Quand il inaugurait ce joyau, le président Macky Sall a bien une idée. Permettre au Sénégal de « rester dans le temps de l’action d’un monde globalisé où le progrès des nations se doit de relever les défis de compétitivité, de précision et de vitesse ». L’enjeu est clair : « devenir le hub aérien d’Afrique de l’Ouest ». Et cela un a coût. Estimés au départ il y a 10 ans à 200 milliards de francs CFA (305 millions d’euros), les investissements ont plus que doublé finalement pour atteindre 424 milliards de francs CFA (646 millions d’euros), à en croire les chiffres annoncés par Maïmouna Ndoye Seck, la ministre des Transports aériens ce 4 décembre.

Évolution

Après la pose de la première pierre en 2007 par le président Abdoulaye Wade, en 2012, date d’échéance initiale pour la livraison du projet, le taux d’exécution des travaux n’en était qu’à 12 %. « Le chantier était presque à l’arrêt en 2013 », se rappelle Abdoulaye Mbodj, directeur de l’aéroport. D’abord confié au le Bin Ladin Group, l’entreprise saoudienne de BTP, le projet ne sera finalement achevé qu’avec les Turcs de Summa-Limak, ayant pris maitrise des travaux en 2015.

Obstacles

Pour réaliser ce projet, trois villages ont été expropriés de leurs terres. Il s’agit de Mbadat, Kathialick et Kessoukhatt, faisant au total 2 500 habitants en tout. Mais ce processus de dépossession des terres aux habitants de ces villages n’a pas été simple.
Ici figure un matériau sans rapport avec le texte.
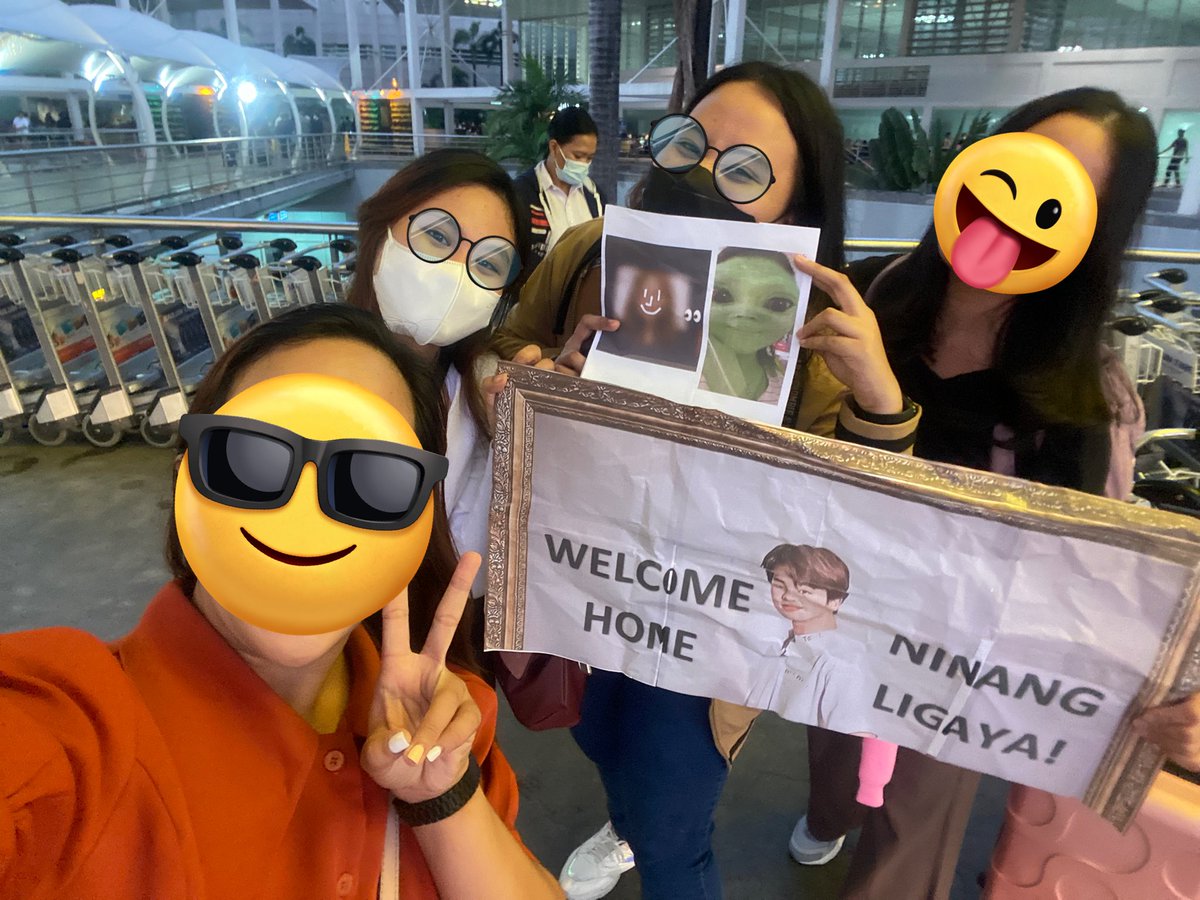 airportKTH1117's tweet photo. 230106 The long wait is so over! @lachimo_lala28 is finally home! Super happy to see you madam! 🫶💜🫶💜
#TeamWANTED ft. zommy!!!
#NinangLigaya
#FromBVO
Insert gatas & zaicutie @namuaskedmeptd @peachytaee__ 🥰😘
@ces_o18
@zommyzombie https://t.co/QHLcqWwOlr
Alors que les résidents des deux premiers (Mbadat, Kathialick) acceptent d’être recasés à 6 km du site de l’aéroport, ceux de Kessoukhatt n’ont pas été favorables au délogement. Pour cause, dans les villages de recasement, les bénéficiaires dénoncent des engagements non tenus par les autorités. Pas de marchés construits pour les villages ni d’aires de jeux pour les jeunes, comme cela avait été promis.

Opacité

L’ouverture de ce nouvel aéroport a aussi fait des mécontents à l’ancien aéroport Léopold Sédar Senghor en service depuis 70 ans. En effet, les entreprises sénégalaises opérant au sein de l’ancien aéroport ont fermé leurs portes ce jeudi, tout comme les pistes qui seront consacrées désormais aux fins militaires. Comme accusation, ces sociétés doigtent le consortium d’exploitation sénégalo-turc de les avoir écartées du transfert vers AIBD, au profit de structures étrangères.
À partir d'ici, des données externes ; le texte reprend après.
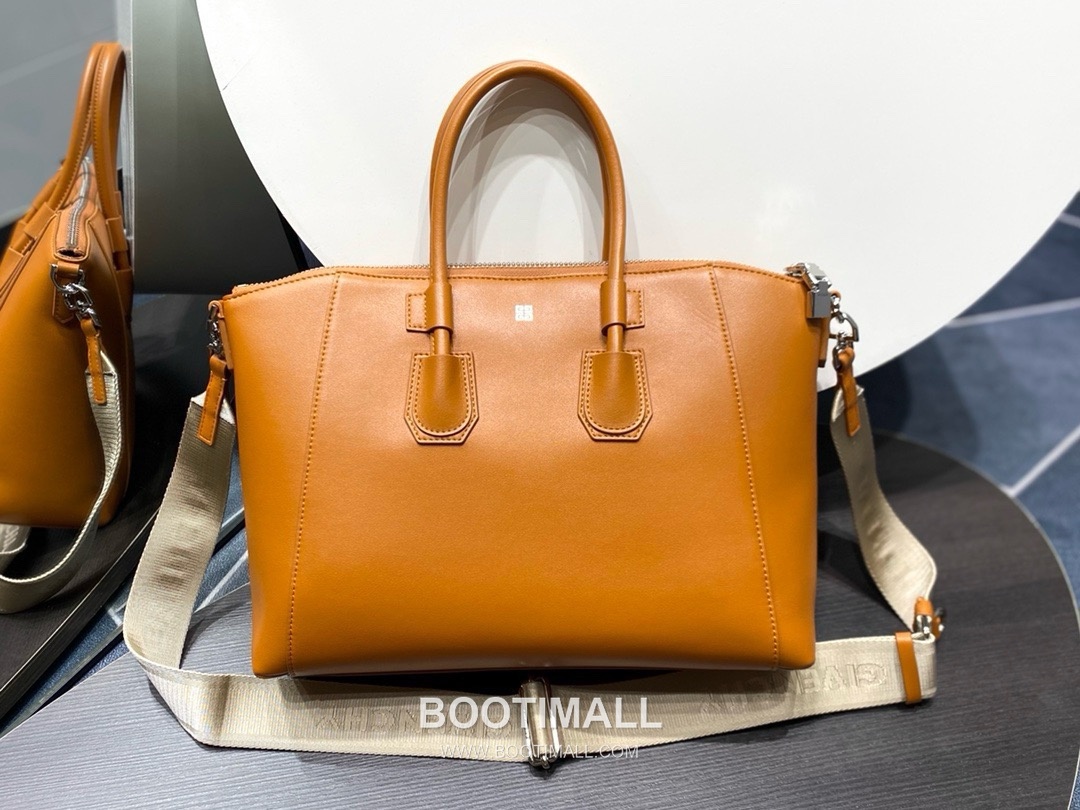 Givenchy Antigona Sport Medium Calfskin Orange Top Handle Bag 지방시 안티고나 스포츠 미디엄 카프스킨 오렌지 탑핸들백 37cm 3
Ils dénoncent dans cette affaire un manque de transparence et l’absence d’appel d’offres pour la concession des lounges mais aussi pour le magasin duty free accordé désormais au français Lagardère. Si du côté de l’AIBD on estime que les entreprises sénégalaises ont bien postulé, mais le mieux offrant a été retenu, l’Union des prestataires et opérateurs du Sénégal (UPOAS) et le Conseil national du patronat (CNP) restent néanmoins toujours derrière les protestataires pour dénoncer une opacité dans l’attribution des marchés.

Couacs

Ce 7 décembre, les premiers passagers des vols commerciaux ont commencé par dénoncer quelques couacs. Selon une passagère, « les employés n’ont pas encore été bien formés », confie-t-elle. Et d’ajouter, « il manque quelques préparations. J’espère qu’avec le temps tout sera en ordre. On peut comprendre que pour certains, ce sont les premiers jours ». Un autre a dû conclure en quelques mots tout ce qu’il a déduit de ce premier voyage : « les équipements changent, mais les pratiques restent. »

Ambitions

Si Macky Sall se félicite de cette nouvelle initiative, il ne compte pas rester là. Prochaine étape de ses ambitions aériennes, faire renaître la compagnie Air Sénégal. Cette compagnie devrait, selon les autorités sénégalaises, effectuer ses premiers vols commerciaux très bientôt. Certains évoquent l’échéance janvier 2018. Et son directeur n’est pas inconnu dans le monde aéroportuaire en Afrique. Il s’git du français Philippe Bohn. Il lui colle souvent l’étiquette d’ancien « Monsieur Afrique » d’Airbus. Sa mission est lourde. Il devra faire beaucoup mieux pour faire oublier ses prédécesseurs, dont les directions ont été marquées par les faillites successives subies par Air Afrique en 2002 et Sénégal Airlines en 2016.